Am ersten und vermutlich auch am bevorstehenden zweiten Spieltag der aktuellen Saison werden die Mannschaftskapitäne der Heimmannschaften einen Text der Sportverbände verlesen. Diese Aktion ist eine der Reaktionen, die beim Sicherheitsgipfel in Berlin beschlossen wurden, um das „Fanproblem“ und insbesondere den Einsatz von Pyrotechnik in den Griff zu bekommen.
Eben dem Sicherheitsgipfel, zu dem erneut keine Fanvertreter eingeladen waren, bei dem Vertreter der Verbände und Vereine über die Fans, statt mit ihnen gesprochen haben. Noch schlimmer wiegt, dass dort ein Verhaltenskodex ohne Einbezug der Fans ausgearbeitet wurde, der uns nun vorschreiben soll, wie wir unsere Fankultur ausleben sollen.
Aber wer gibt Politikern oder Leuten aus den Logen das Recht Fankultur zu definieren, ohne uns Fans zumindest zu fragen? Für uns ist klar, dass wir einen solchen Kodex niemals akzeptieren werden, da ihm in unseren Augen jede Legitimation fehlt. Dabei spielt es keine Rolle, dass viele Punkte auch für uns Selbstverständlichkeiten sind.
Der verlesene Text richtet sich gegen Gewalt, Rassismus und Böller, was allesamt absolut nachvollziehbare und unterstützenswerte Aufrufe sind. Im selben Atemzug wird aber auch der Einsatz von Bengalos genannt, was ein rhetorisch nicht ungeschickter, aber dennoch leicht durchschaubarer Schachzug seitens der Verbände ist. Hier wird bewusst daran gearbeitet, den Einsatz von Pyrotechnik weiter zu dämonisieren und den Fans so jedwede Lobby für ihre Legalisierungsbemühungen zu nehmen, indem Bengalos in einen Topf mit Rassismus oder Gewalt geworfen werden. Anstatt den Dialog zu suchen und tatsächlich ergebnisoffen zu diskutieren, täuschen die Offiziellen die Öffentlichkeit immer wieder mit falschen Behauptungen. Mal mit einer tendenziösen Umfrage, mal mit einem falsch ausgelegten Rechtsgutachten. Das Thema ist leider derartig komplex, dass man den Ottonormalfan schnell mit einigen Schlagworten davon überzeugen kann, dass es sich nur um Randale und Chaoten handele. Ein sachlicher Diskurs, bei dem die Fans argumentativ wirklich erstaunlich gut aufgestellt sind, wird so im Keim erstickt.

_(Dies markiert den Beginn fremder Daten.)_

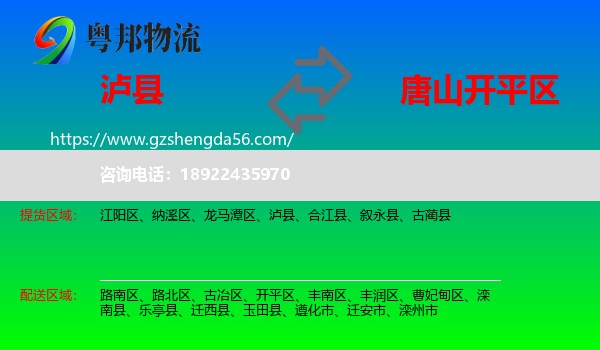 泸县到开平区物流专线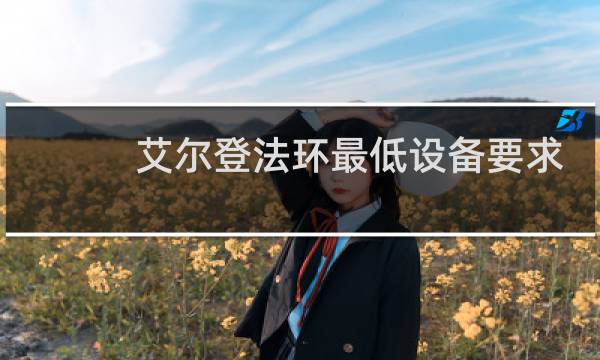 艾尔登法环最低设备要求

Der nun verlesene Text ist für uns daher kein ernst gemeintes Bekenntnis gegen Gewalt, Rassismus oder Böller, sondern ein populistischer, von oben oktroyierter Versuch das Stadionpublikum gegen Pyrotechnik aufzuhetzen. Schon in Freiburg hat die USM unter dem Motto „DFB-Wahnsinn abpfeifen“ eine Protestaktion mit Hilfe des Einsatzes von Trillerpfeifen bei der Verlesung des Textes durchgeführt. Wir unterstützen diesen Protest, da wir die Formulierungen als manipulativ und fernab jeder Sachlichkeit empfinden. Sollte der Text auch am Freitag verlesenen werden, sollte es egal sein, wie die Reaktionen im Stadion dann aussehen. Uns ist sehr bewusst, dass ein Großteil diesen Text unreflektiert abnickt und ihn mit Applaus belegt. Jeder sollte daher in der Lage sein, andere Meinungen zu akzeptieren. Da brauch es keine in die Luft gereckten Mittelfinger oder wilden Pöbeleinlagen! Trotzdem möchten wir euch alle bitten, ganz genau über diesen Text nachzudenken. Auch wer dem Einsatz von Pyrotechnik kritisch gegenübersteht, sollte die hier angewandte Methodik hinterfragen.